French President Emmanuel Macron called Friday on Israel to stop bombing civilians in Gaza, saying there was "no justification" and the deaths were causing "resentment". His comments came as Saudi Arabia prepared to host Arab leaders and Iran's president for an emergency summit over the weekend.
In an interview with English public broadcaster BBC, Macron said Israel had the right to protect itself after the 7 October Hamas attacks, but he added: "These babies, these ladies, these old people are bombed and killed.
"So there is no reason for that and no legitimacy. So we do urge Israel to stop."
Macron said France "clearly condemns" the unprecedented cross border attacks by the Palestinian militant groups that Israel says left 1,200 dead, mainly civilians, with 240 others taken hostage.
The Hamas-run health ministry in Gaza says that more than 11,000 people, mainly civilians, have been killed in Israel's air and ground assault since.
"We do share [Israel's] pain.

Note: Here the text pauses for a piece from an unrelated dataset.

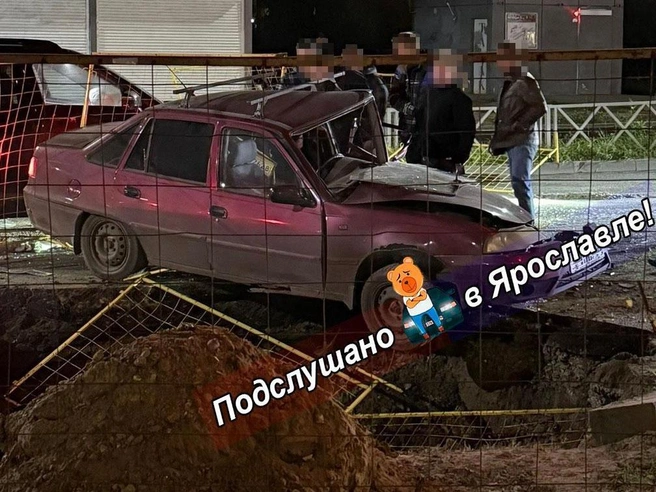 Легковушка оказалась сильно повреждена | Источник: Подслушано в Ярославле! / Vk.com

And we do share their willingness to get rid of terrorism," Macron said in the interview on the fringes of an international peace forum in Paris.
"We know what terrorism means in France." But he insisted there was "no justification" for the bombing of civilians.
All lives matter
"It's extremely important for all of us because of our principles, because we are democracies. It's important for the mid-to-long run as well for the security of Israel itself, to recognise that all lives matter," he added.
Macron said that all governments and aid agencies at a humanitarian aid conference in Paris on Thursday had agreed that a "humanitarian pause" followed by a "ceasefire" was the only way to protect Gaza's civilians.
When asked whether Israel had breached international law, Macron replied: "I'm not a judge. I'm a head of state" who sought to be "a partner and a friend" to Israel.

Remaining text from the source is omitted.